* _Instructions for the task_
Leaving the pictures aside, repeat every line below exactly.

*** Information provided

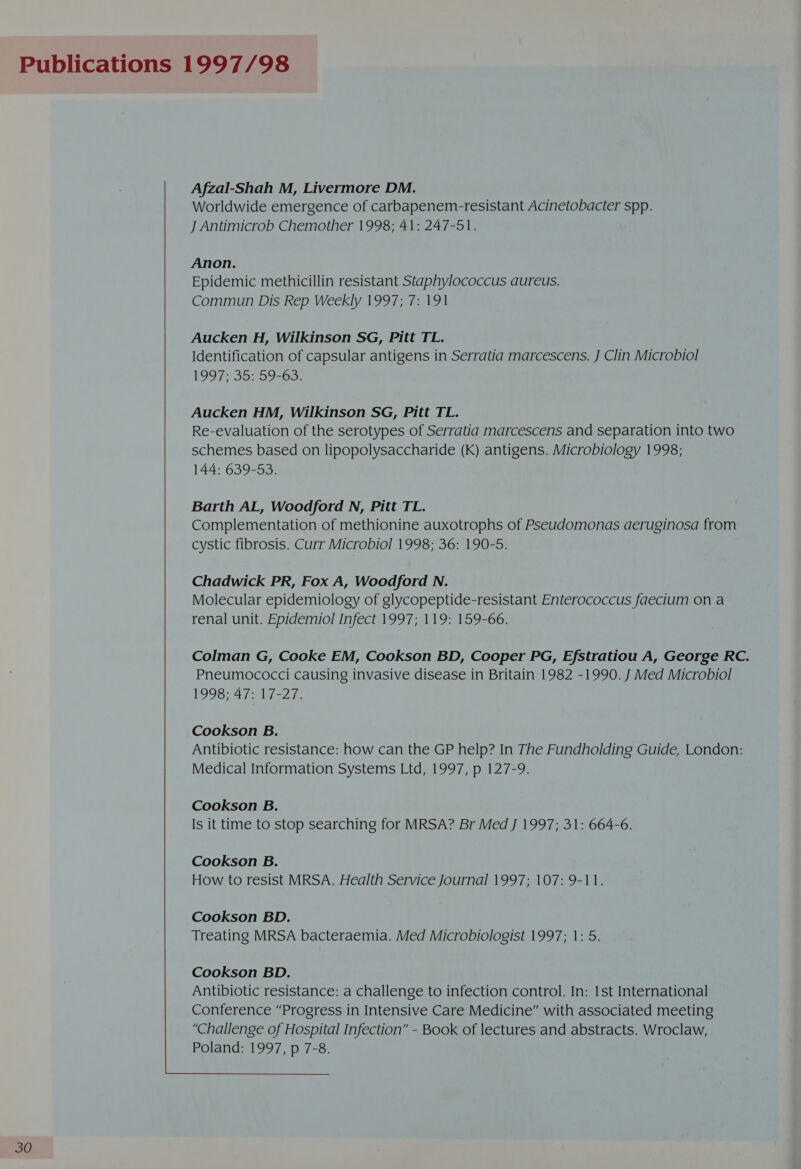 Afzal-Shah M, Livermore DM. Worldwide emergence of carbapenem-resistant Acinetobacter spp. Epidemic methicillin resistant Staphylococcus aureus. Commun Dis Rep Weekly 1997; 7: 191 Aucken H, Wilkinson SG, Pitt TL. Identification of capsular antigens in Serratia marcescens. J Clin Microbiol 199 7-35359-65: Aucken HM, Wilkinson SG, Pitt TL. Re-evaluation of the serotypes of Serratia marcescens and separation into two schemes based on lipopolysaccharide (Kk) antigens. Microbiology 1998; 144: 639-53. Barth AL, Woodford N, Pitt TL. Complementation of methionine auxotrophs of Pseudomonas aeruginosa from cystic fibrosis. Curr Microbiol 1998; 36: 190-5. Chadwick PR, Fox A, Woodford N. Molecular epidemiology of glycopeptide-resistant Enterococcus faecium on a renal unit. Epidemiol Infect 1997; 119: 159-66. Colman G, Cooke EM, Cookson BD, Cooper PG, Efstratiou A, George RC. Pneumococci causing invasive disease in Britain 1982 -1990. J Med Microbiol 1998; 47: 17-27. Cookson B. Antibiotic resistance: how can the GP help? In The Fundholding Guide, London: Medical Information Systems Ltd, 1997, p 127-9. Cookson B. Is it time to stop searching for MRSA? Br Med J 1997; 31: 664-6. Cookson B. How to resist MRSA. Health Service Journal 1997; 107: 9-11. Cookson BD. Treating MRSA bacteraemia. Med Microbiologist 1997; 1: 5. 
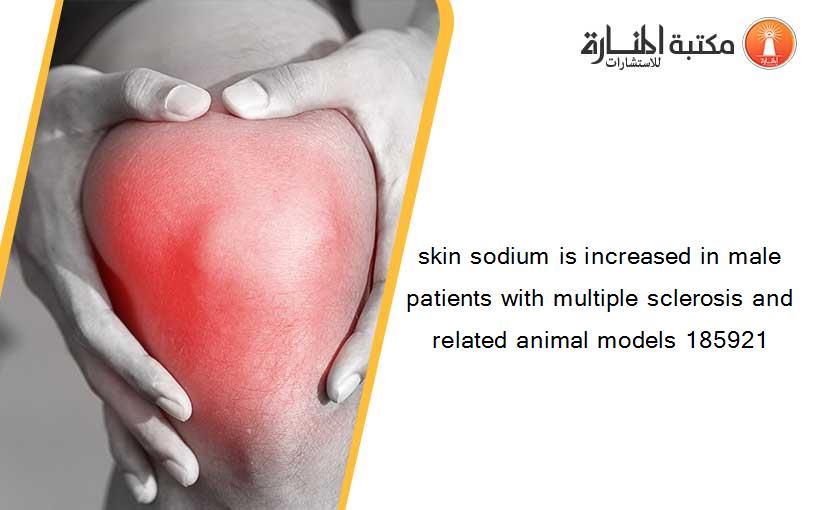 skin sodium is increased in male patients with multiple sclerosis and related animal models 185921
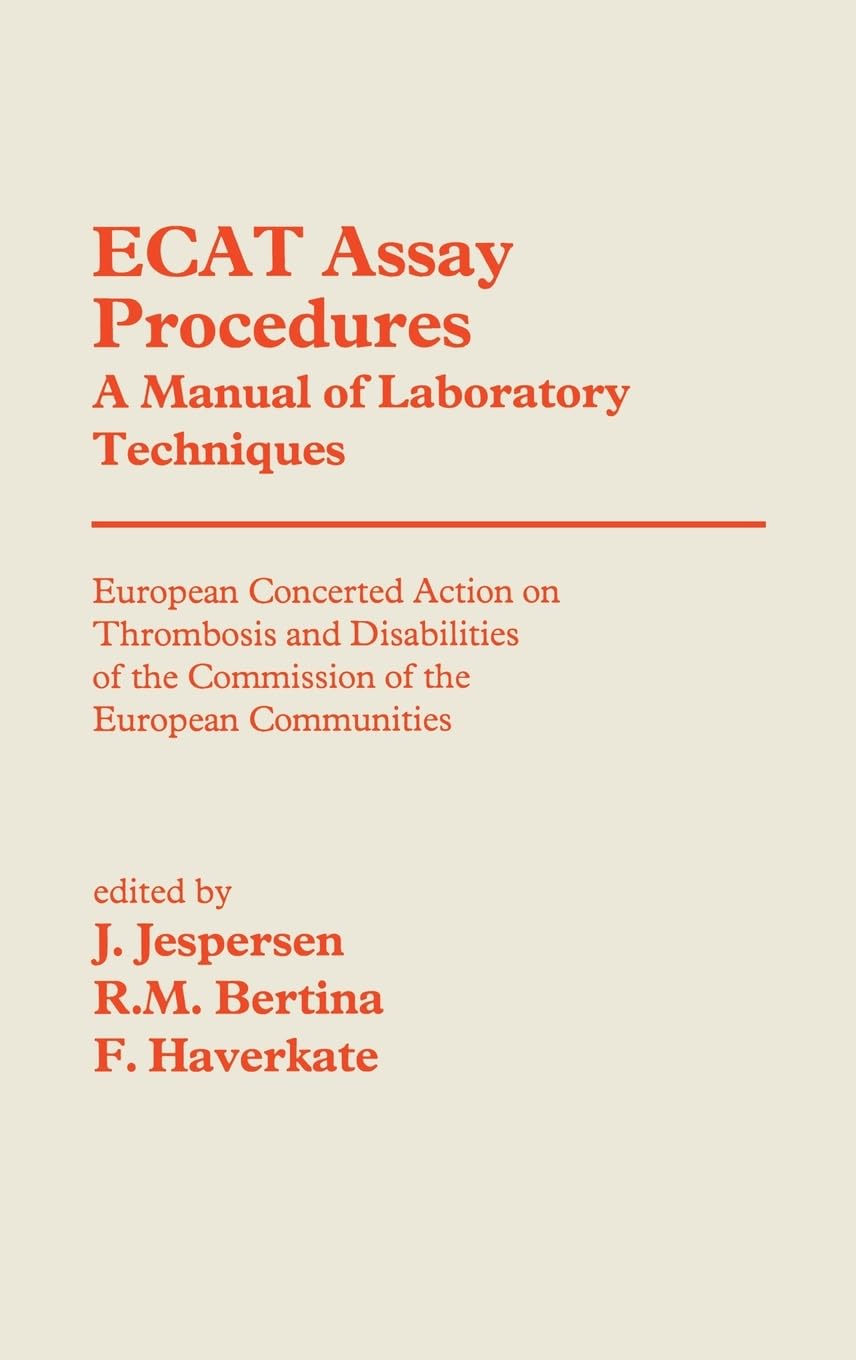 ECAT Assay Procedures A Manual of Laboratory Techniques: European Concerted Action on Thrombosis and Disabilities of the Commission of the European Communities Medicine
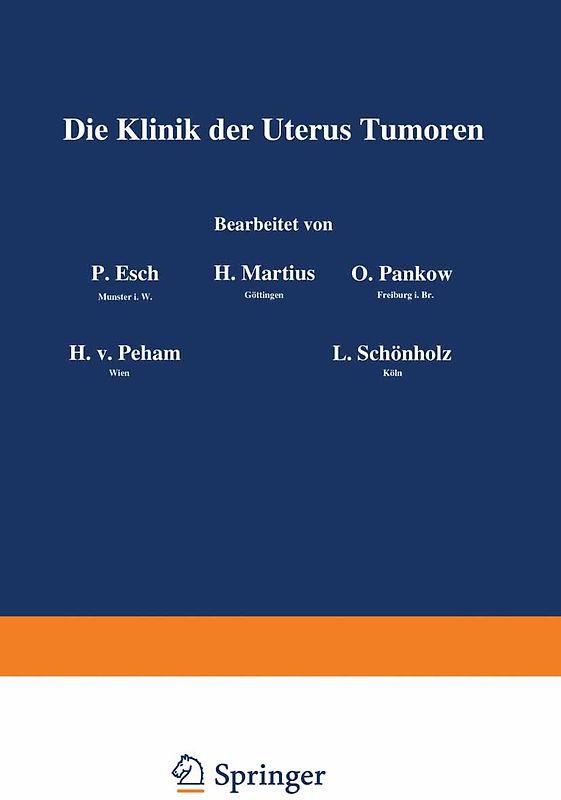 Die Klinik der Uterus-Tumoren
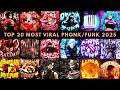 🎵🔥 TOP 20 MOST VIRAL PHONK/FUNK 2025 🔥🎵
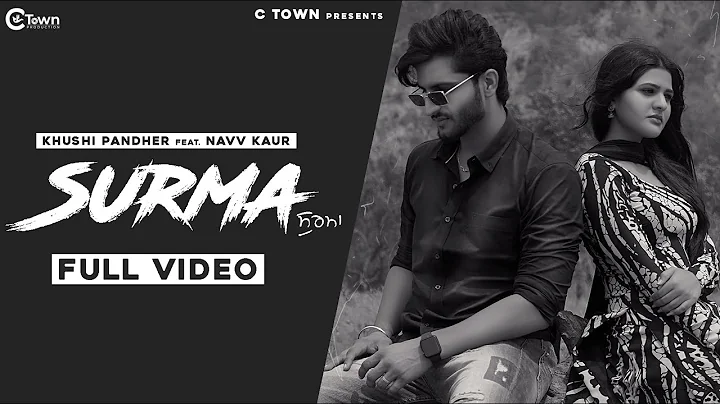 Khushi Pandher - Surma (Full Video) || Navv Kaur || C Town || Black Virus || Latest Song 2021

******

* _Answer below_
 Afzal-Shah M, Livermore DM. Worldwide emergence of carbapenem-resistant Acinetobacter spp. Epidemic methicillin resistant Staphylococcus aureus. Commun Dis Rep Weekly 1997; 7: 191 Aucken H, Wilkinson SG, Pitt TL. Identification of capsular antigens in Serratia marcescens. J Clin Microbiol 199 7-35359-65: Aucken HM, Wilkinson SG, Pitt TL. Re-evaluation of the serotypes of Serratia marcescens and separation into two schemes based on lipopolysaccharide (Kk) antigens. Microbiology 1998; 144: 639-53. Barth AL, Woodford N, Pitt TL. Complementation of methionine auxotrophs of Pseudomonas aeruginosa from cystic fibrosis. Curr Microbiol 1998; 36: 190-5. Chadwick PR, Fox A, Woodford N. Molecular epidemiology of glycopeptide-resistant Enterococcus faecium on a renal unit. Epidemiol Infect 1997; 119: 159-66. Colman G, Cooke EM, Cookson BD, Cooper PG, Efstratiou A, George RC. Pneumococci causing invasive disease in Britain 1982 -1990. J Med Microbiol 1998; 47: 17-27. Cookson B. Antibiotic resistance: how can the GP help? In The Fundholding Guide, London: Medical Information Systems Ltd, 1997, p 127-9. Cookson B. Is it time to stop searching for MRSA? Br Med J 1997; 31: 664-6. Cookson B. How to resist MRSA. Health Service Journal 1997; 107: 9-11. Cookson BD. Treating MRSA bacteraemia. Med Microbiologist 1997; 1: 5. 
 skin sodium is increased in male patients with multiple sclerosis and related animal models 185921
 ECAT Assay Procedures A Manual of Laboratory Techniques: European Concerted Action on Thrombosis and Disabilities of the Commission of the European Communities Medicine
 Die Klinik der Uterus-Tumoren
 🎵🔥 TOP 20 MOST VIRAL PHONK/FUNK 2025 🔥🎵
 Khushi Pandher - Surma (Full Video) || Navv Kaur || C Town || Black Virus || Latest Song 2021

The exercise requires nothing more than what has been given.